I never tire of the French writer Colette. She could write endlessly about that most fascinating (and trickiest) subject of all – love, without ever being sentimental. I go back to her books again and again, both for her seemingly effortless prose and her countrywoman’s eye for nature. For me her books have the feeling of absolute truth and have the same effect on me as a holiday (without travel fatigue). How I long to have been her house guest, not only for conversation but for the food, from her books you can tell Colette understood all that makes a meal worthwhile. This recipe isn't a million miles away from the camping chicken but just different enough I think and any chance that it might allow a new reader to discover the delights of Cheri is worth taking.
Colette’s spring chicken
“So why don’t you come down to the country? No nonsense, of course. Ripe strawberries, fresh cream, cakes, grilled spring chicken….that’s just what you need – and no women.”
Colette - Cheri
Lea is a famed courtesan at the end of her career. An offer of home-cooking made to the young and dissolute Cheri begins the one great love affair of both their lives.
Serves 2 (of course)
2 tablespoons chopped fresh oregano leaves
2 small chickens (approx 400-450g each), cut along the backbone and beaten flat with your hand or a rolling pin
juice and zest of 1 lemon
sea salt and pepper
1 tablespoon olive oil
Rub the herbs, zest and seasoning into the chicken and anoint with the lemon juice. Pour over the olive oil and leave to marinade for a few hours (no less than 1 hour).

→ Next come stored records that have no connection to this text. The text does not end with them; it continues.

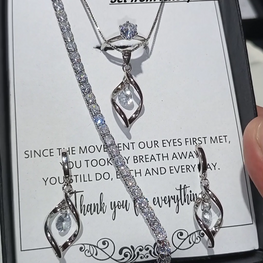The clavicle set complete luxury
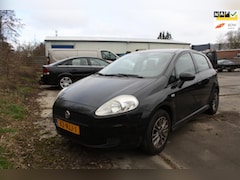 Fiat Grande Punto - 1.3 M-Jet Actual MOTOR STUK/ENGINE BROKEN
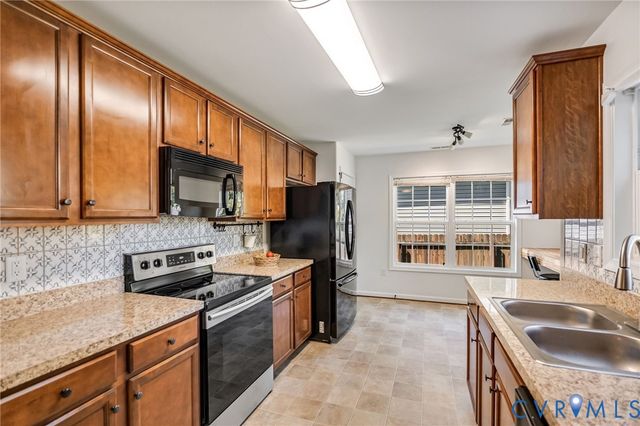 14000 S Hackberry Rd, Chester, VA 23836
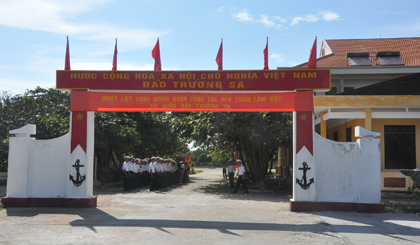 Fisherman Le Quang Minh in a hospital in the Truong Sa (Spratly) archipelago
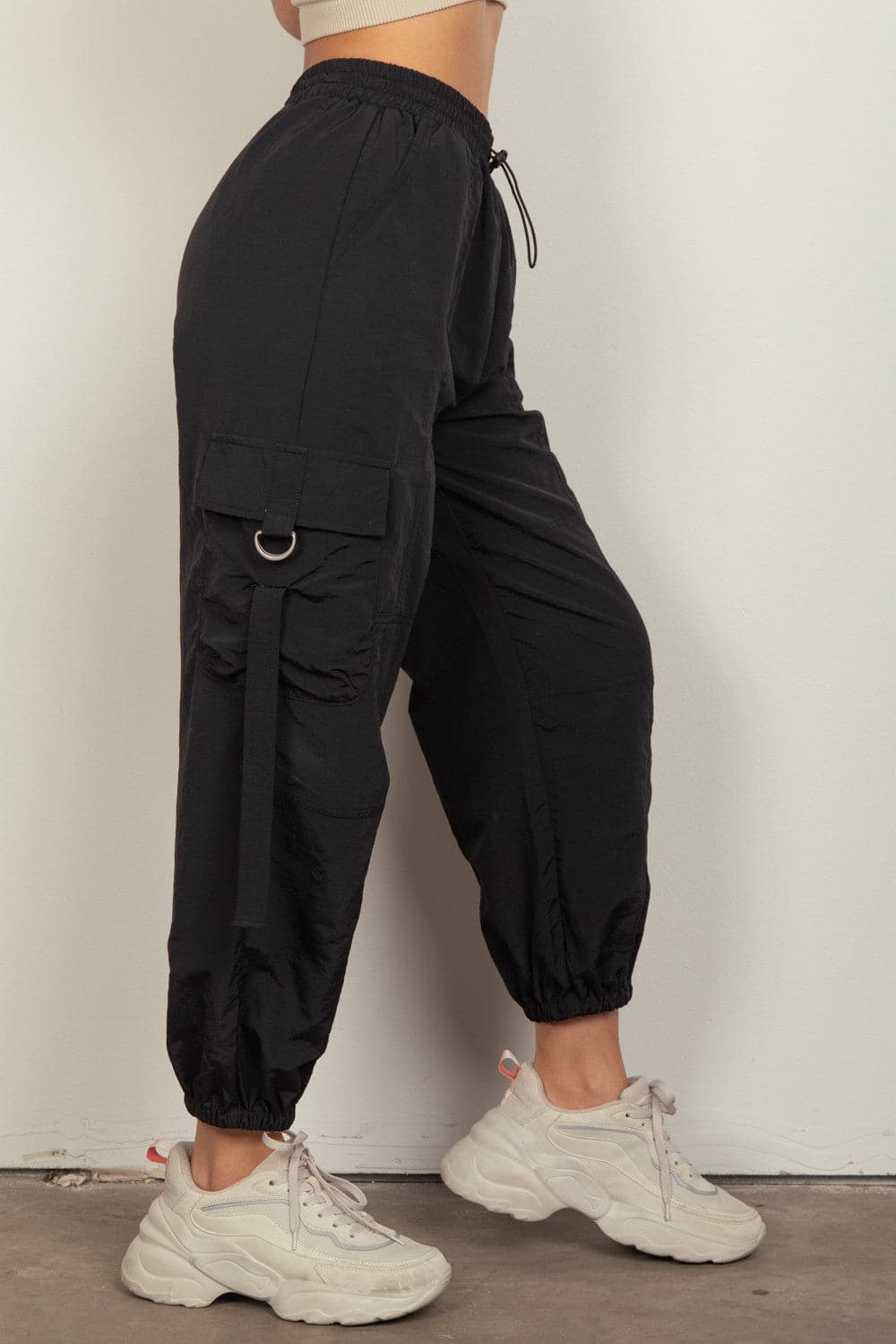 VERY J Elastic Waist Woven Cargo Pants.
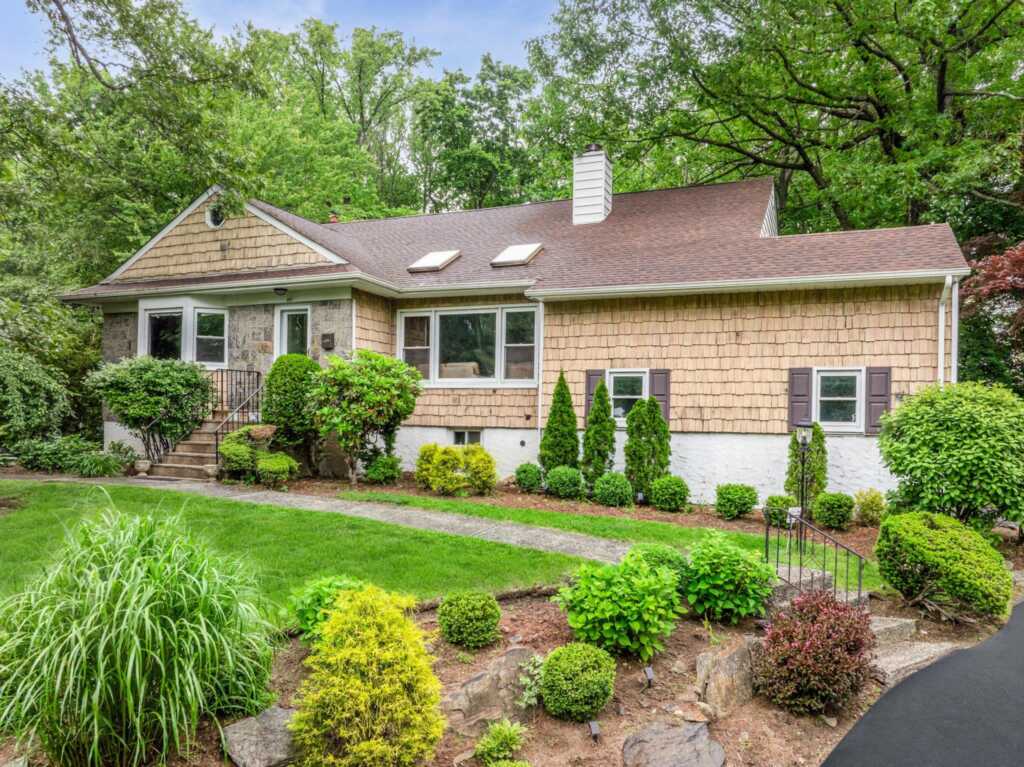 45 Rugby Road, New Rochelle, NY 10804
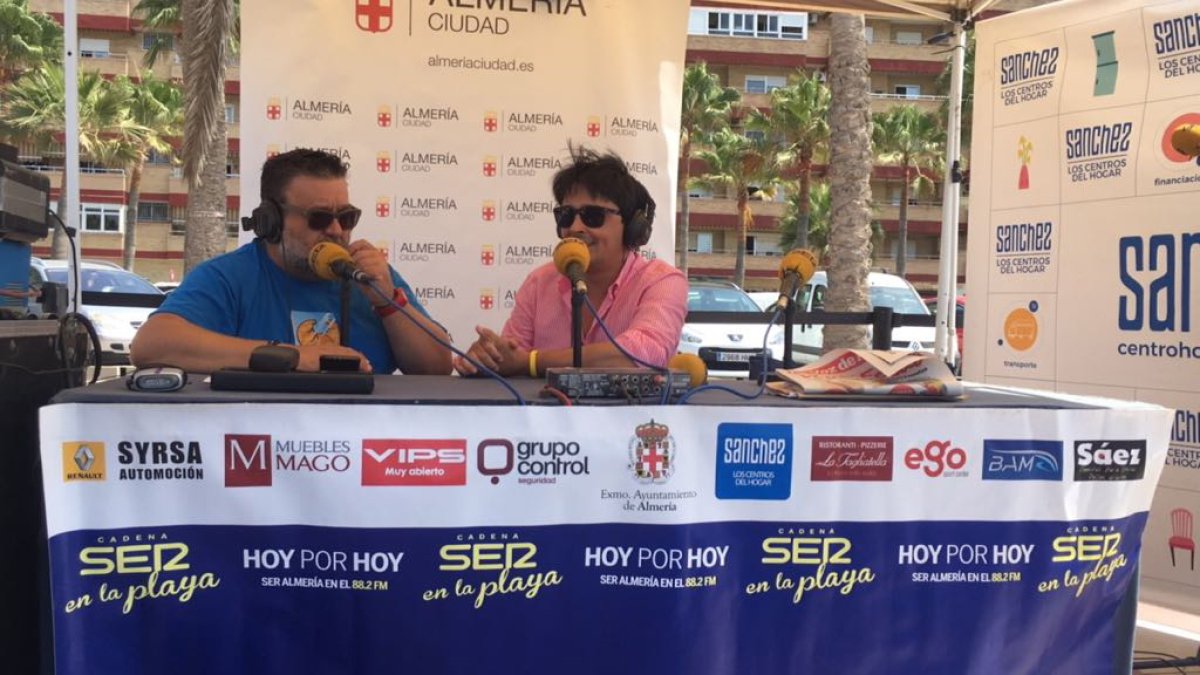 El concejal Manuel Guzmán visita Hoy por Hoy Almería.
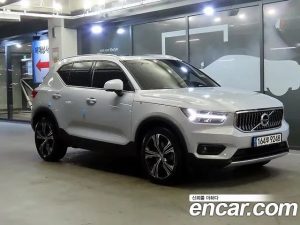 Volvo XC40 B4 Inscription 2021 года из Южной Кореи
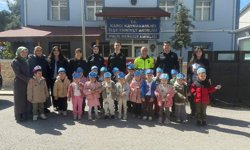 Miniklerden Polis Haftası’nda anlamlı ziyaret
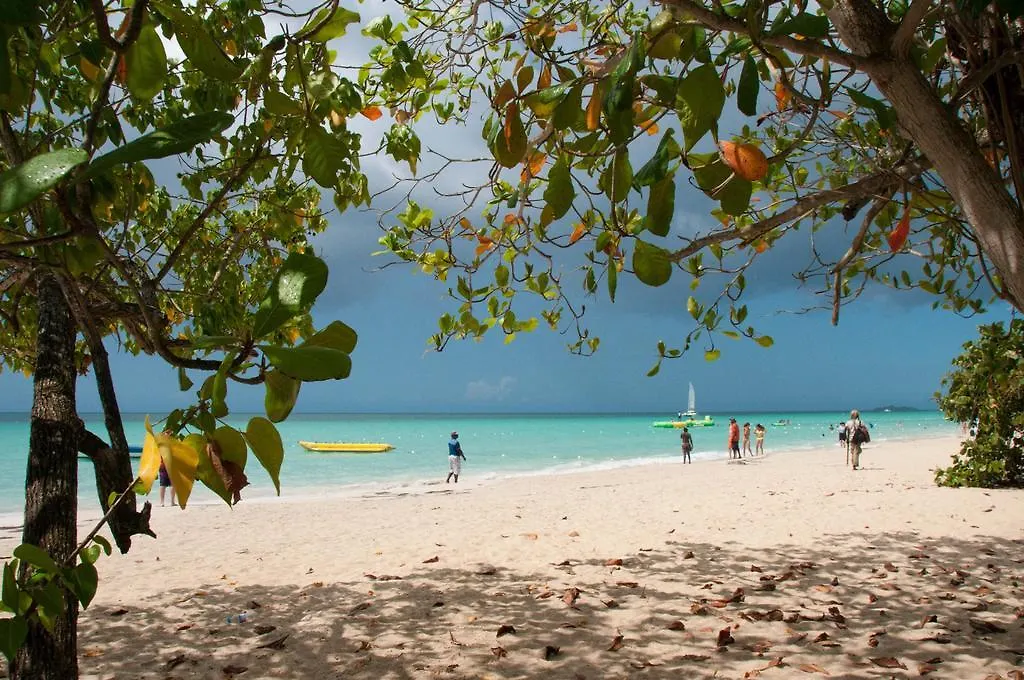 Lighthouse Inn 2 Negril 3*,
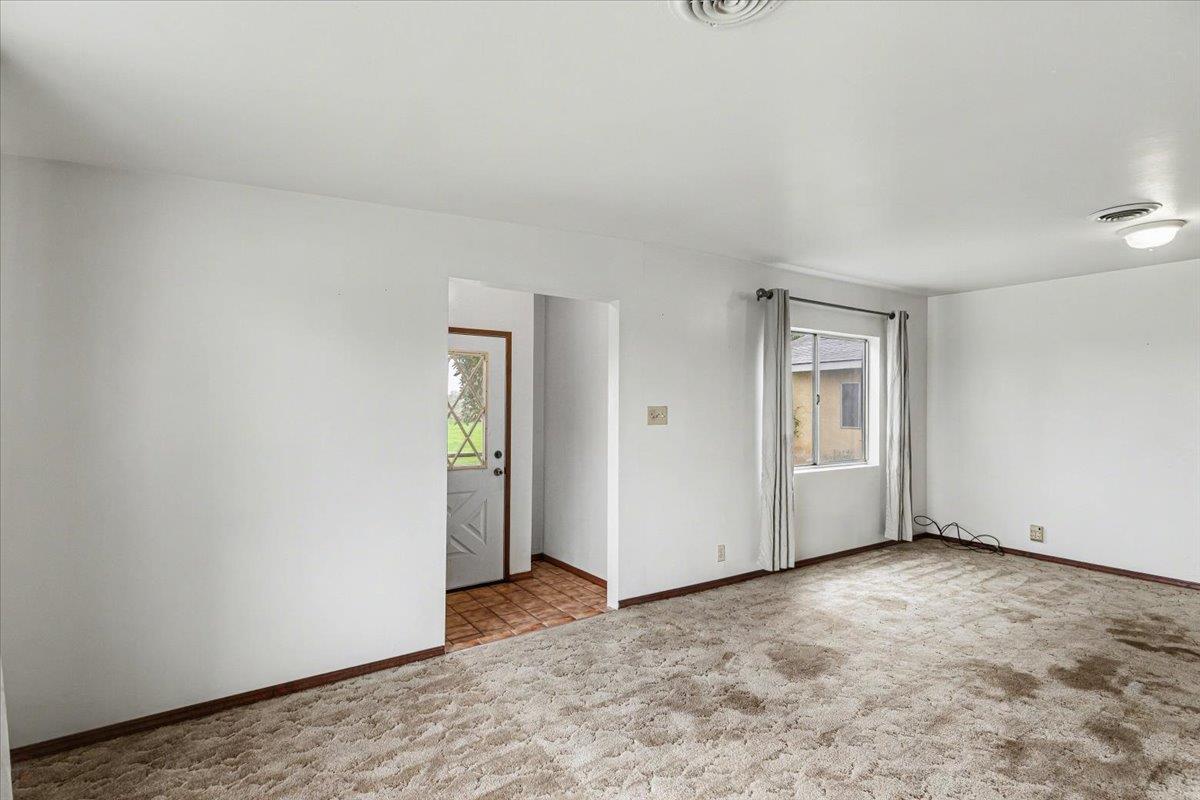 2679 Lobo Ave, Merced, CA 95348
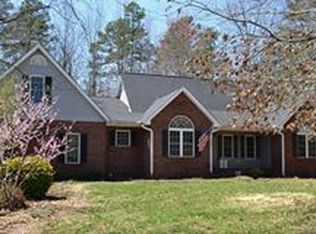 107 Grandview Dr, Statesville, NC 28677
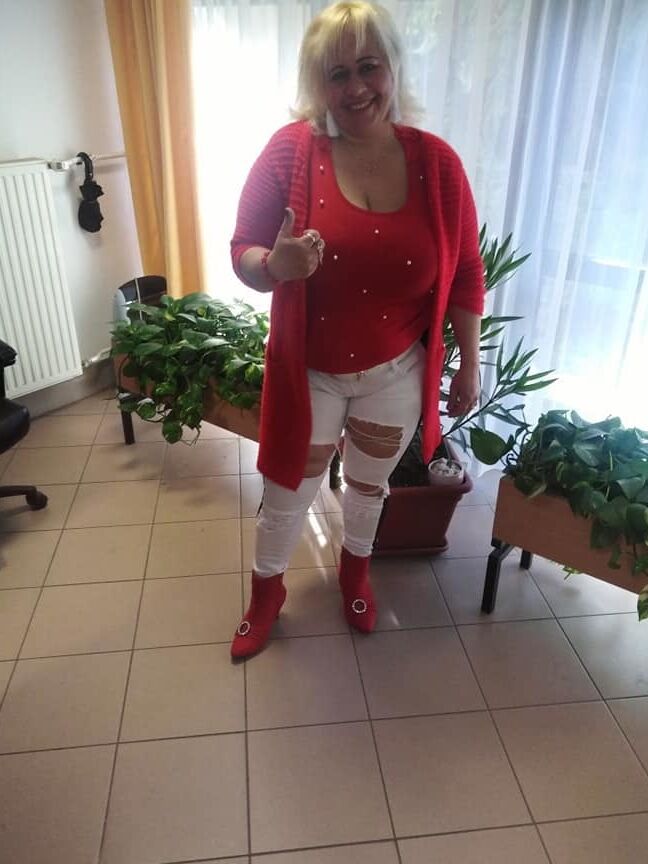 Hun Gipsy facebook Milf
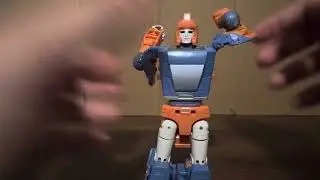 Transformers Legacy Evolution Deluxe Class Dion Review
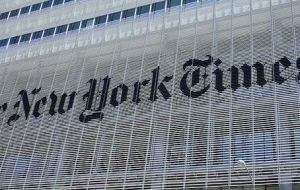 The New York Times, publicó un editorial de siete párrafos bajo un título gigante con todas letras mayúsculas que decían “UNA PRENSA LIBRE TE NECESITA”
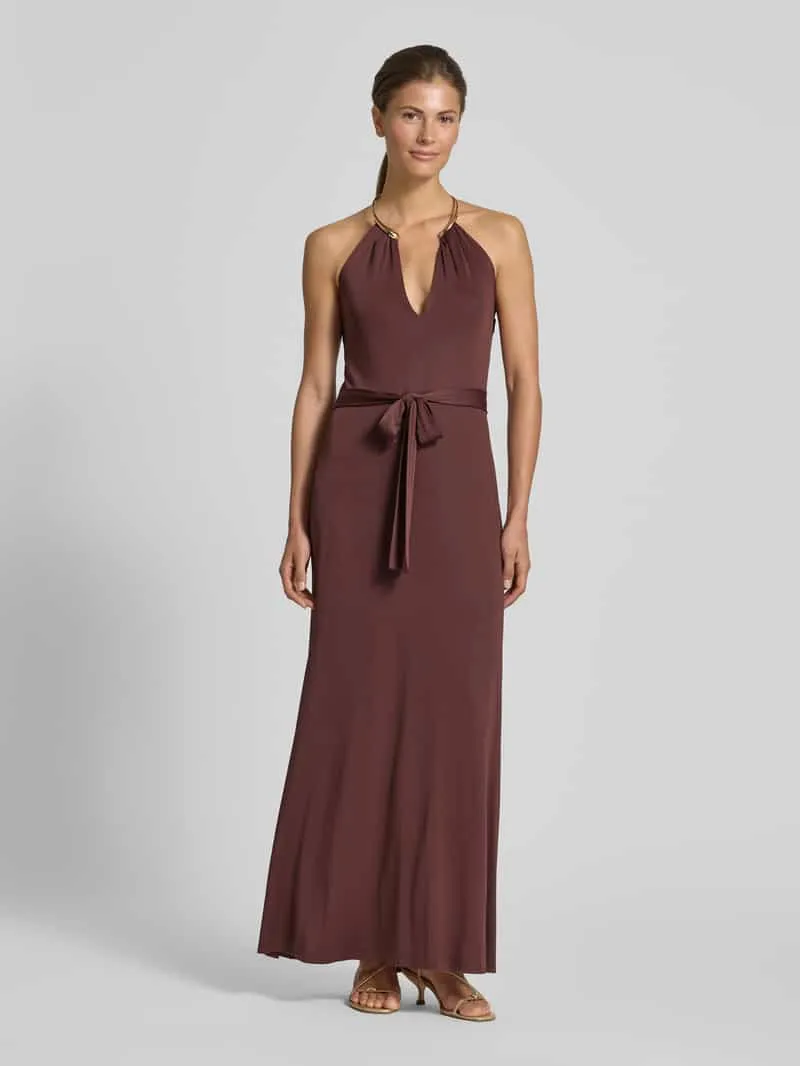 Rinascimento avondjurk met halter in ring-look Chocoladebruin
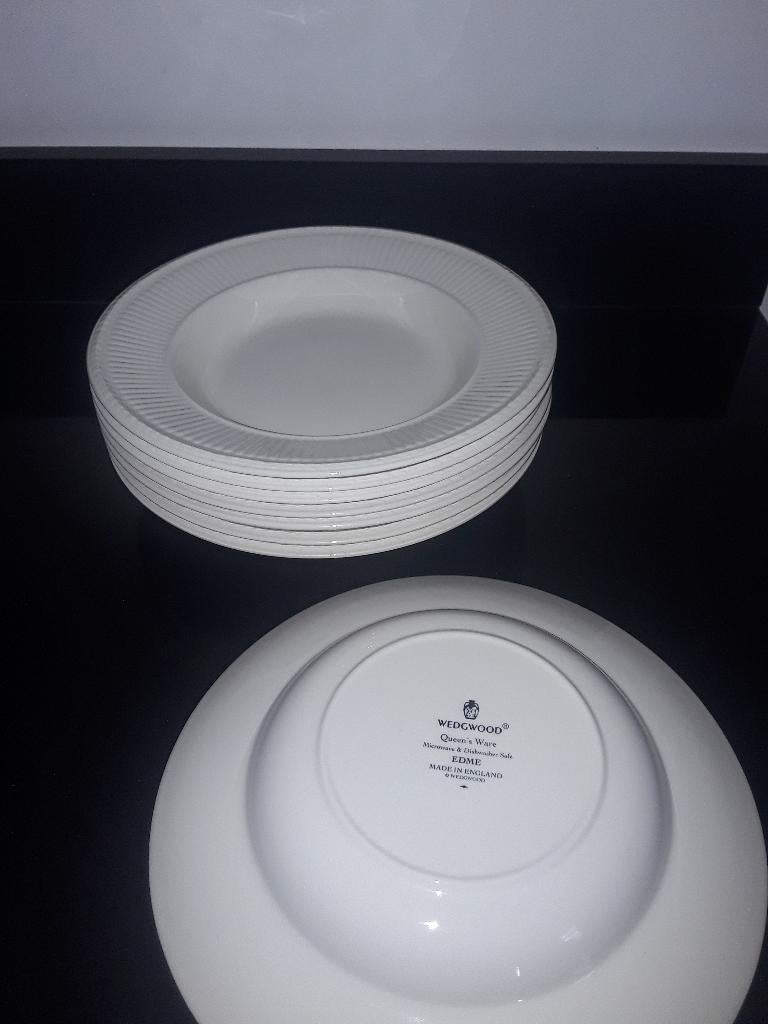 8 Wedgwood diepe borden Edme, Verzenden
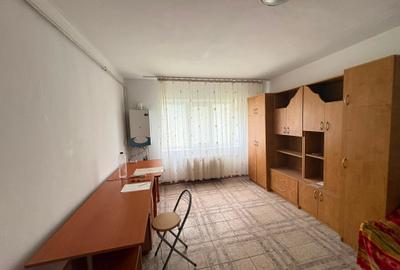 Spatiu comercial de inchiriat - 100 mp - Sud - 10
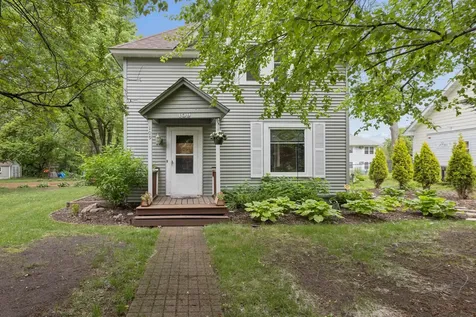109 Hope Avenue SE Watertown MN 55388
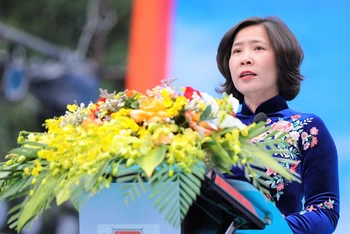 Chủ tịch Hội Liên hiệp Phụ nữ thành phố Hà Nội Lê Kim Anh phát biểu tại sự kiện.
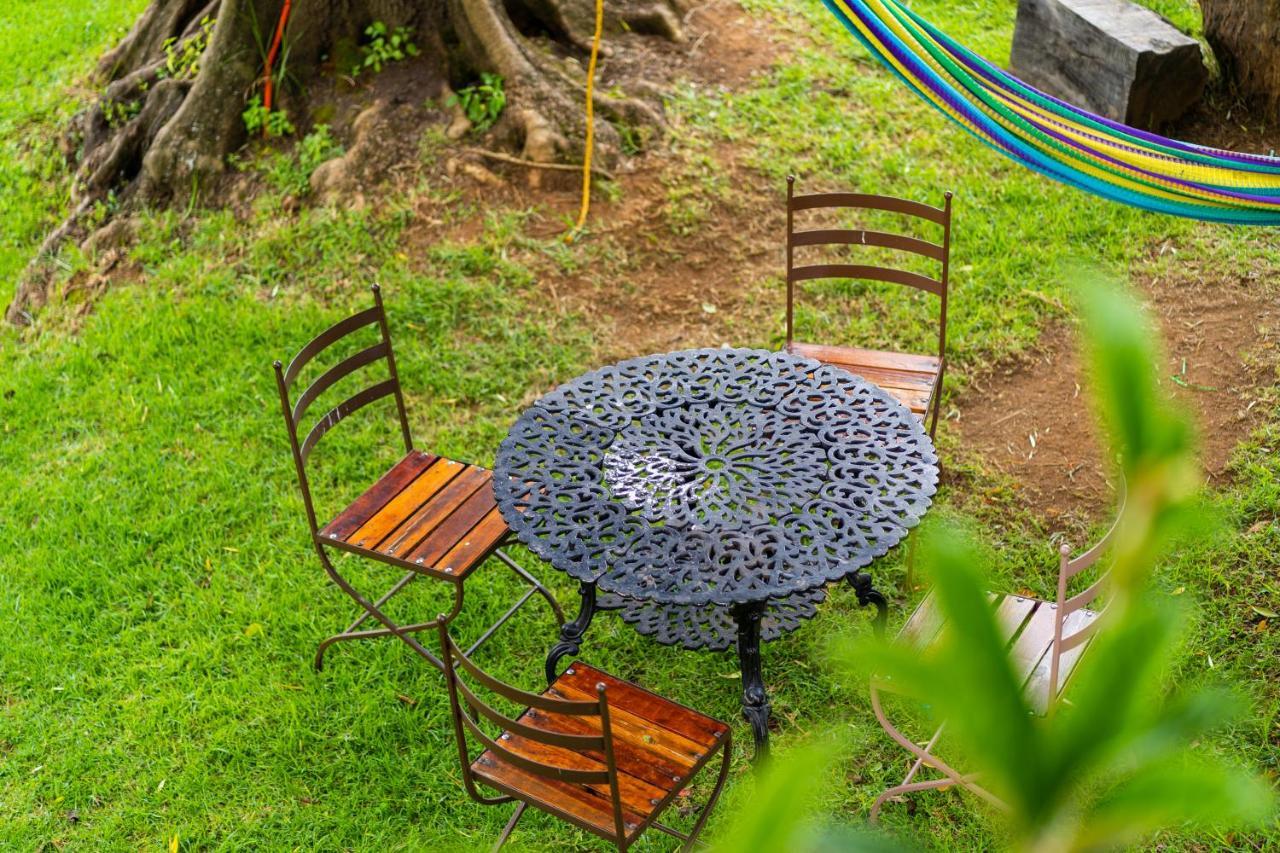 Hosteria San Felipe Patzcuaro Bagian luar foto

Season again and prepare the grill. If it is outside, make sure the coals are glowing not burning - you need an even heat to cook chicken well. Place the chickens on the grill or griddle and cook for about 20 minutes per side, until the meat is cooked but juicy. Pierce the thickest part of the thigh with a knife and if the juices run clear without a trace of blood, the meat is cooked.
Serve with new potatoes cooked in paper and a freshly picked green salad followed by strawberries and cream for the full literary effect.